Maggie Rose smiled. "That was going to be my next question," she said.
"Thanks for volunteering."
Thirty
"That's fine, Mr. Skinner, you can ease down and stop now."
Bob ignored the consultant's call; wearing only shorts and trainers, he continued to pound along on the treadmill, running on the spot, but at five-minute-mile pace.
"I said you can stop now," Peter Patience repeated, louder this time, over the noise of the treadmill.
"I'm enjoying this," Skinner replied, sounding barely out of breath. "I do at least four miles every day'
"Good for you, but can you please do the rest later. My colleague and I need to look at the print-outs from the various monitors you have attached to you, and to do that we'd like to switch the bloody things off."
"Okay." Dripping with sweat, the patient nodded, and reached out to touch a button on the control panel of the apparatus, to ease down its speed. He slowed it gradually, until, after around a minute, he came to walking pace, then stopped. He stepped off the track and allowed Hugh Hurley, the second consultant, to strip the monitor pads from his bare torso.
"Is that us, then?" he asked.
"Just about," said Patience. He pointed to Skinner's back. "That scar; is that where you were stabbed?"
"Yes."
"What about the two on your thigh, front and back?"
"They're where I was shot; entry and exit wounds."
"That's not on your medical history," Hurley exclaimed, with a hint of suspicion.
"No. It's not."
"Want to tell us about it?"
"No I do not. If there were any after-effects I wouldn't be able to run freely, would I?"
"I suppose not. Okay, we'll keep it off our report."
"You do that. Now; what sort of shape am I in?"
The two consultants exchanged glances, then smiles. "Mr. Skinner,"
Patience began, 'as you know very well, you are in remarkable condition for a man in his thirties, let alone one who's nearer fifty than forty.
You could and should have been returned to duty on the basis of the medical report which you brought back from America, and we are prepared to confirm without reservation that you are fit to resume active duty immediately.

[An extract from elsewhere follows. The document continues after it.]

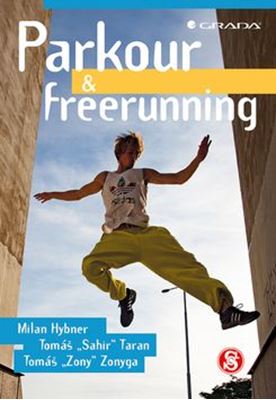 Parkour a freerunning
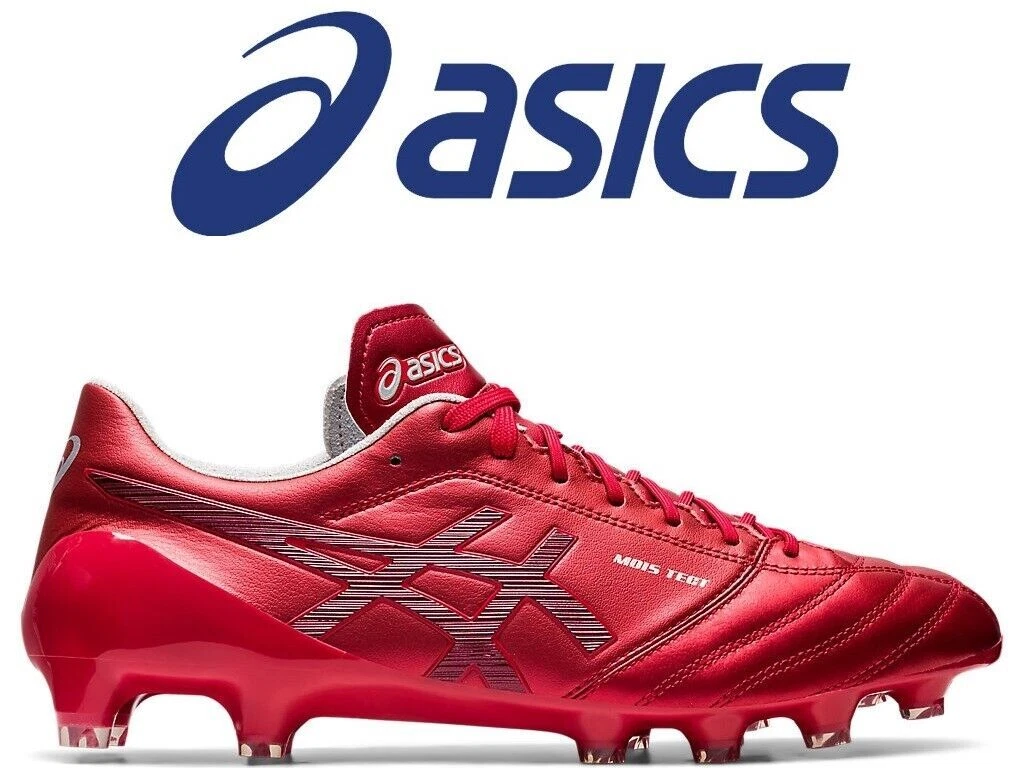 Chaussure cheap rugby asics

We'd be saying that if you were a soldier, never mind a senior police officer whose duties are assumed to be, in the main, sedentary."

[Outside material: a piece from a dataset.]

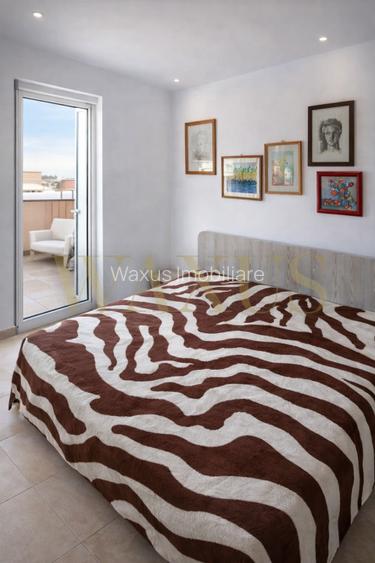 Apartament Modern - SU 32MP I Terasa 21MP I Lift - Intre Lacuri - 2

"They're bloody not," Skinner grinned. "What else will your report say?"
"It will note that you were diagnosed, after your incident in the US, as suffering from what is commonly known as sick sinus syndrome, in which the sinus node, the heart's natural pacemaker, malfunctions, leading in your case to bradycardia… slow heartbeat… and loss of consciousness. This condition may recur, but it is quite possible that, even without intervention, you would never have had another episode. We find no sign of it today. In any event, that eventuality has been rendered irrelevant by the fitting of a dual chamber pacemaker, which is set to maintain your heart rate at a minimum level of fifty-five beats per minute, operating on demand; that is only if and when your rate drops to that level. You'll get around ten years' use out of it; when the battery runs down, a new one will be fitted.